PARSER_BEGIN(MyParser)
import java.io.*;
public class MyParser
{
public static void parse(String fileName) throws IOException, ParseException
{
MyParser parser = new MyParser(new FileInputStream(fileName));
parser.dsl();
}
}
PARSER_END(MyParser);
//Remainder of the .jj file.
//Tokens to ignore in the BNF follow.
SKIP : { ' ' | '\t' | '\n' | '\r' }
TOKEN : {
< BUSNUMBER : "bus(["0"-"9"]) |
< BUSNAME : "(["a"-"z", "A"-"Z"])* //Match a single character which can be lowercase or upper. Happens 0 or more times.
< VIA : "via" > |
< STOPS : "stops" > |
< FREE : "free" >
}
// was used as a temporary comments indicator.
So i've created my characters to skip over. And all the tokens I can think of.

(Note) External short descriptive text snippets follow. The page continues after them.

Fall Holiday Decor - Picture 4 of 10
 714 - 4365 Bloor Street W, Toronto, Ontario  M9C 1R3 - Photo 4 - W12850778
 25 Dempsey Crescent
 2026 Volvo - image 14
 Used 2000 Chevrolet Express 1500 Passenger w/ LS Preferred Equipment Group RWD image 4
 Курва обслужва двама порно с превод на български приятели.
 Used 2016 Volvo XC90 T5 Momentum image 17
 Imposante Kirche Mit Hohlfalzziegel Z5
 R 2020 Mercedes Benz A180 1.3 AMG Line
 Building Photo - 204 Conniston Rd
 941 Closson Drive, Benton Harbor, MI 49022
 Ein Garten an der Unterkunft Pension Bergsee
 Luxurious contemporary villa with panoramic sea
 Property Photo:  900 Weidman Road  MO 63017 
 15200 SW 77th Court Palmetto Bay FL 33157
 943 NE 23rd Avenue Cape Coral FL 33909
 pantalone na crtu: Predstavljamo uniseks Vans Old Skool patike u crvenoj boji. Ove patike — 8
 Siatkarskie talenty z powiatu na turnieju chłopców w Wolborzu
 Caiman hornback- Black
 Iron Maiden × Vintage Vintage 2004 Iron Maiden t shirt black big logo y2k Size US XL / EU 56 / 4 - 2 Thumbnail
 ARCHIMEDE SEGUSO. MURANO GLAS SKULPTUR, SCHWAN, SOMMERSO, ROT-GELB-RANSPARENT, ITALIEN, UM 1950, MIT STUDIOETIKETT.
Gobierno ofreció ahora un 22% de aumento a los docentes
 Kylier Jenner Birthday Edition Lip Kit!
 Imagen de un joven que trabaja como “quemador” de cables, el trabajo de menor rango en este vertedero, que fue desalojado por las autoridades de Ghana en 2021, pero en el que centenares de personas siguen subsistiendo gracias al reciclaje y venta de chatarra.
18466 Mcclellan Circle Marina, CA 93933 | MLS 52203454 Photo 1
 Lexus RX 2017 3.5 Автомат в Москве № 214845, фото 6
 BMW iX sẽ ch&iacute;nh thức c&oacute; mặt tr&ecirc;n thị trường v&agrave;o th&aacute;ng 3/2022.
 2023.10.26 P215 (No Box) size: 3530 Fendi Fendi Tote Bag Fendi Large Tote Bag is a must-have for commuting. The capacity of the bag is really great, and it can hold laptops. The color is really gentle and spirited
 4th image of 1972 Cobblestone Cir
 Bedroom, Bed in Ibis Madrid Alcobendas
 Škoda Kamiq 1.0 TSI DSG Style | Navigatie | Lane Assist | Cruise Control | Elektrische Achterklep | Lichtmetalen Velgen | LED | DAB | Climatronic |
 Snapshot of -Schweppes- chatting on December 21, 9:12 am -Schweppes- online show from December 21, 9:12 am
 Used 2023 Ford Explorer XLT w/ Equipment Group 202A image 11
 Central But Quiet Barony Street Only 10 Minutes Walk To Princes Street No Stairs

But I'm not sure what i'm missing. Any help would be appreciated, or an explanation would be better as I actually want to learn how to do this.
Thank you.
A few comments. For
< BUSNUMBER : "bus(["0"-"9"]) |
You perhaps mean
< BUSNUMBER : "bus(" (["0"-"9"])+ ")" > |
However, if you want to allow spaces, you should treat bus
, (
, )
, and numbers as separate tokens.
For
< BUSNAME : "(["a"-"z", "A"-"Z"])* //Match a single character which can be lowercase or upper. Happens 0 or more times.
you might want
< BUSNAME : "\"" (["a"-"z", "A"-"Z", " "])* "\""> |
(I don't know what characters are possible in a bus name, but in your example you have spaces as well as letters.)
You are missing ->
, stop numbers and times.